Exercise description: Copy the listing below letter for letter, passing over each picture.

Data block:
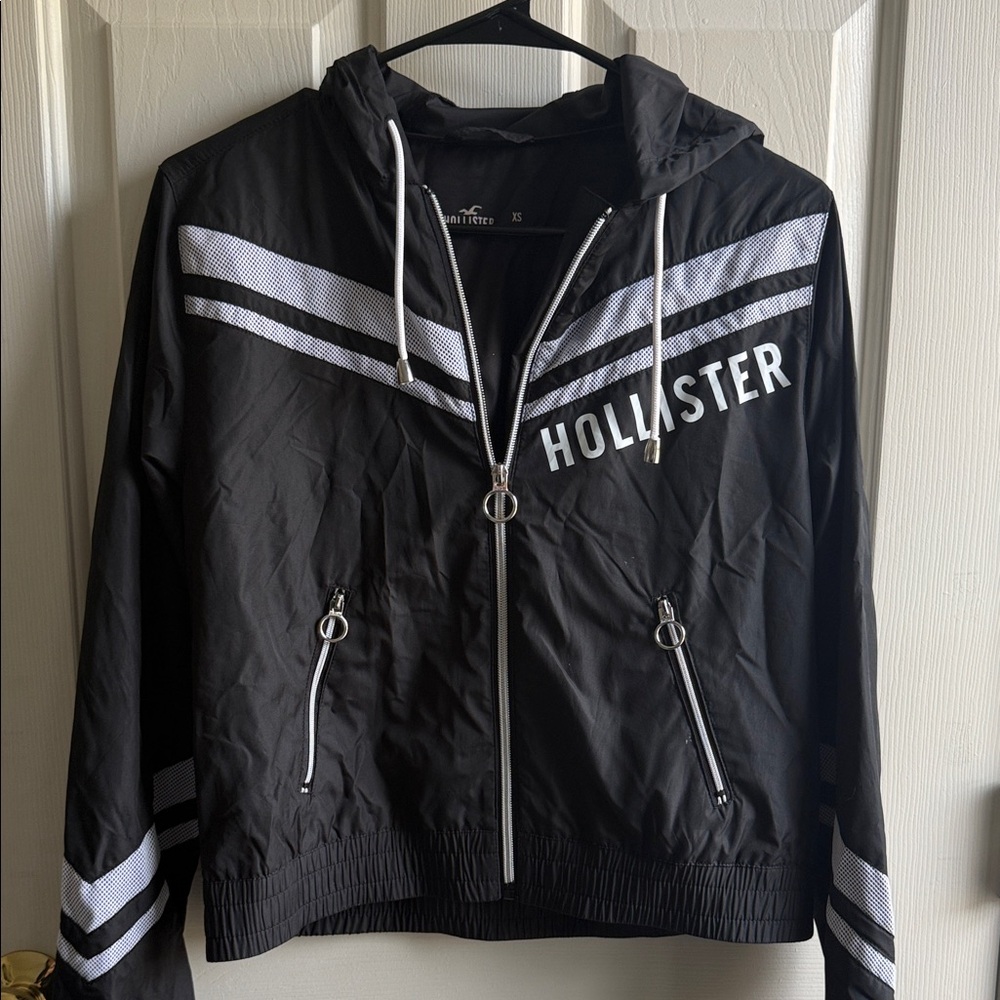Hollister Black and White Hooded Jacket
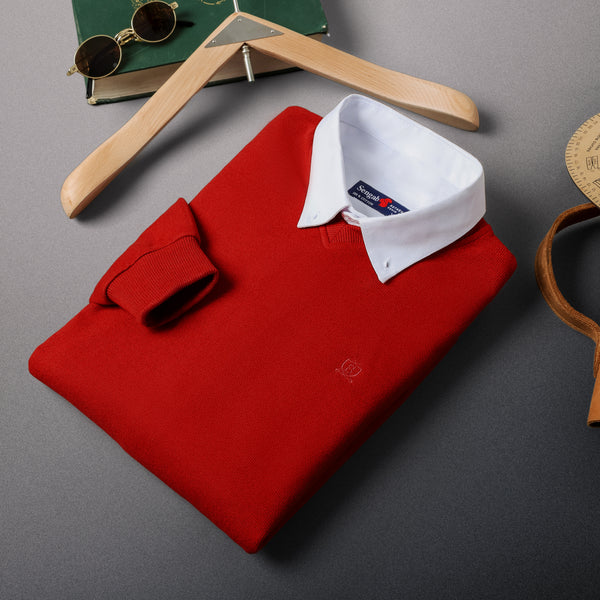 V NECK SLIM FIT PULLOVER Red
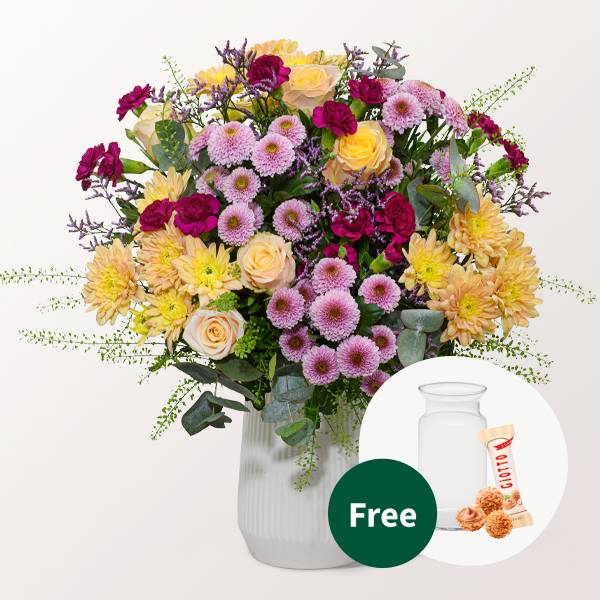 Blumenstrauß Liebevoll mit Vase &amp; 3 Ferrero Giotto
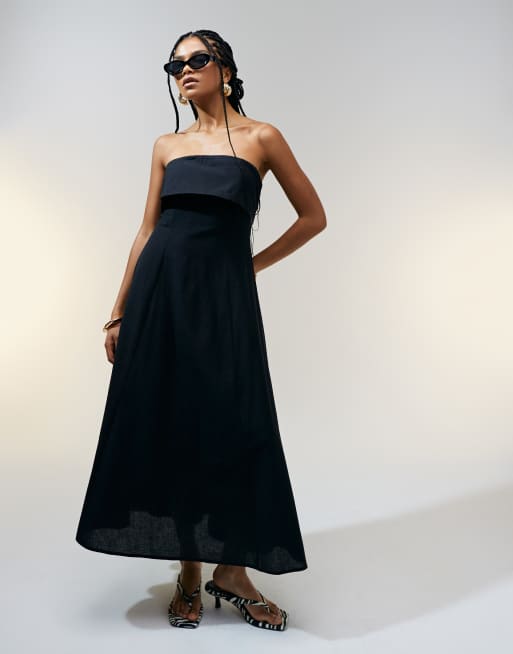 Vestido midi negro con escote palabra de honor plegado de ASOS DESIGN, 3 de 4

Written answer:
Hollister Black and White Hooded Jacket
 V NECK SLIM FIT PULLOVER Red
 Blumenstrauß Liebevoll mit Vase &amp; 3 Ferrero Giotto
 Vestido midi negro con escote palabra de honor plegado de ASOS DESIGN, 3 de 4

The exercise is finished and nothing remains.